De Bassadji à Bè Kpota, cette brave femme comme une mère à nous tous, a porté dans ses entrailles ses 8 enfants : Marie-Laure, Gérard, Amélie, Sophie, Kangni Claude, Richard, Pélagie, Adama et Yannick. Conscients que « toutes les terres leur sont données, il suffit d’en prendre possession, de s’y tenir à l’étroit, d’en éclater les limites », les enfants sont partis qui au Canada, qui aux USA, qui en France. Ceux qui sont restés entament les durs travaux de la famille éplorée jusqu’aux funérailles. Un vrai courage, un épuisement certain en Afrique où la solidarité autour de la mort prime sur tout. La mort n’est-elle pas le contrepoint harmonieux de la vie ? Ils reviendront tous, unis, soudés autour d’une mère qui a adopté aussi tous leurs ami(e)s. Elle sera conduite à sa dernière demeure le 17 novembre 2012 au cimetière de Bè-Kpota. Ci-joint le programme des obsèques.

Gaëtan Noussouglo

programme des obsèques

Un souvenir de ma mère, partie tôt par Kangni Alem

Kangni Alem

Elle devait rentrer ce soir-là. Souvent, elle revenait vers minuit. A l’heure où l’odeur des manguiers devenait sucrée comme une promesse incroyable. La mère ouvrait la porte et souriait à l’enfant qui attendait. Des deux, le plus fatigué n’était pas la voyageuse. Attendre est un métier dont les enfants ont la science, heureusement. La mère ouvrait la porte dans la nuit profonde, posait ses ballots et disait : « Il est tard, il faut aller dormir ». L’enfant avait le temps, toutefois, d’apercevoir les friandises, et se promettait de les réclamer au réveil. Ce soir-là, elle ne revint pas. Personne ne sut à l’instant pourquoi. Elle était partie la veille, comme à l’accoutumée, acheter son commerce au Nigeria. Nigeria, un nom que l’enfant entendait souvent sans le situer. Ce soir-là, elle ne revint pas. Il s’endormit sans injonction. Et se réveilla sans comprendre.
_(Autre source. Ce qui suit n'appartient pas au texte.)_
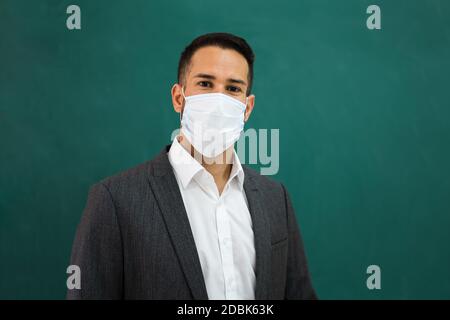 School Teacher Standing In Class Wearing Face Mask Stock Photo
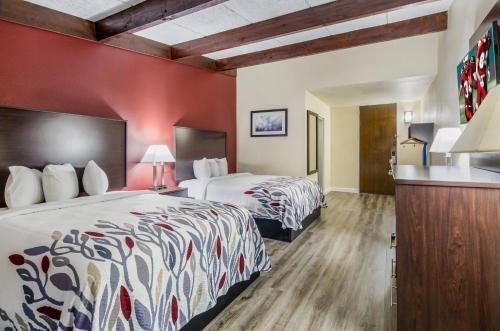une chambre d'hôtel avec deux lits et un mur rouge dans l'établissement Red Roof Inn Madison Heights, VA, à Lynchburg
La mère n’était pas rentrée. La peur céda la place au cri silencieux. Dans la maison, les grandes sœurs chuchotaient. On le fit partir de force vers son école lointaine, sise dans l’ancien quartier de son enfance. La famille avait déménagé quand le malheur avait pris le père. Mais l’école était restée à Bassadji, et il y retournait à pied. Un trajet long, épuisant, à descendre la colline et traverser la lagune. Puis le soir, à remonter la lagune et grimper la colline. Au retour, ce jour-là, la mère n’était point là. Le cri fit place au vrai silence. La maison sans la mère, soudain il n’y avait plus place au doute. L’enfant prit ses cahiers et ses livres, les fourra dans son cartable, qu’il glissa sous le lit encombré. Ça chuchotait toujours ! Des voisins venaient et repartaient, et personne n’expliquait rien. Assis sous le manguier, l’enfant observait la ruche. Lui savait que le doute n’était plus permis.

Vers le soir du lendemain, soudain, la porte s’ouvrit. Et les pleurs montèrent. Des pleurs de joie. Les sœurs hurlaient. La mère avait des vêtements qu’on ne lui avait jamais vus. Dépareillés. Elle posa son sac, salua tout le monde. Dans le sac, pas de friandises, mais les vêtements avec lesquels elle avait fait le voyage. Elle les tendit à la sœur, qui alla les tremper dans un seau d’eau. L’enfant s’approcha du seau, et vit l’eau rouge de sang, de beaucoup de sang. La mère ne parla pas beaucoup, elle expliqua simplement que le taxi avait fait des tonneaux, et qu’il y a eu des morts.

« Vous avez mangé ? », déclara-t-elle en se levant, et en se dirigeant vers la cuisine.

L’enfant se glissa sous le lit et sortit le cartable. La mère était de retour. Malgré les habits poisseux de sang. Lui savait qu’elle reviendrait, comme la première fois qu’elle avait quitté la maison. Le père l’avait fâchée, mais elle n’était pas allée loin, elle était revenue très vite, avant la rentrée des classes, et l’achat des cahiers et du cartable.